Both the consumer price index and core inflation in Canada are still expected to be lower than the ceiling of 2 percent, although recent readings were slightly higher than expected, according to the Bank of Canada.
The bank expressed its concerns that exports continue to underperform, and overall business investment has yet to pick up. Meanwhile, recent data supported the bank's expectation of a soft landing in the housing market and stabilizing debt-to-income ratios for households.
With the GDP figure in the current quarter likely to be softer, the bank still expects a 2.5 percent growth in 2014.
Peter Buchanan, a senior economist of Canadian Imperial Bank of Commerce, told Xinhua that the central bank tried very consciously to stay with the neutral stance -- chance of rate hike and cut equally balanced.

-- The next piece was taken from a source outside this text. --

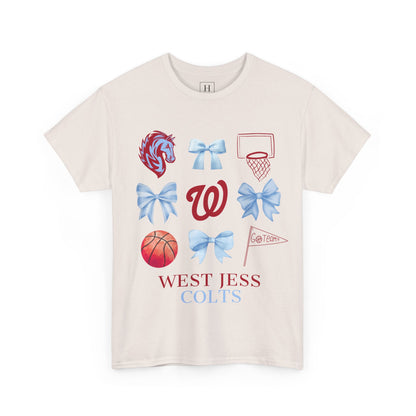 West Jessamine Basketball Coquette Unisex Tee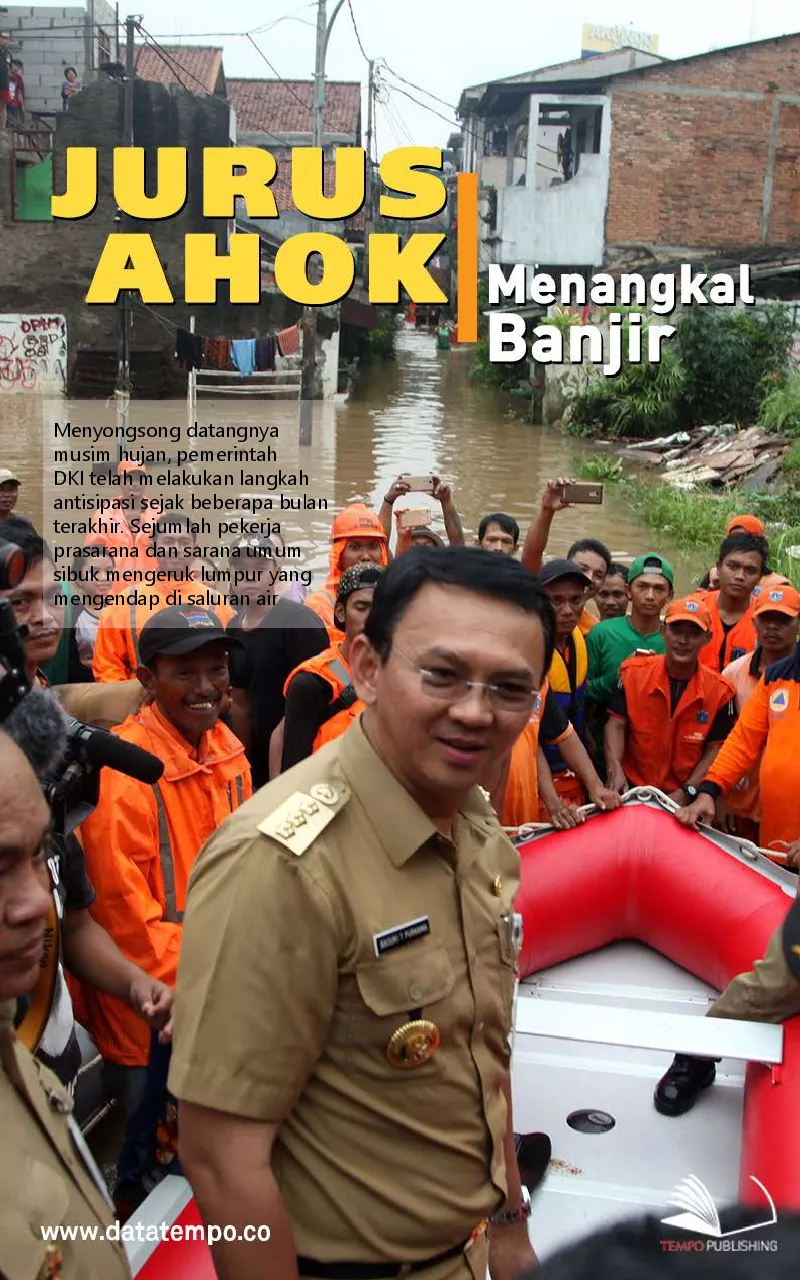 Jurus Ahok menangkal banjir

Buchanan said that business investment and exports have not shown enough momentum to offset an expected sluggish real estate market.
The timing and direction to the change of the rate policy will depend on how new information influences the balance of risks.
Buchanan predicted while inflation did firm modestly in January, the central bank still looks for the pace to remain well below its 2 percent ceiling over 2014.
"It will be at last mid-2015 before the bank starts to raise the target for the overnight rate from the current 1 percent," Buchanan added.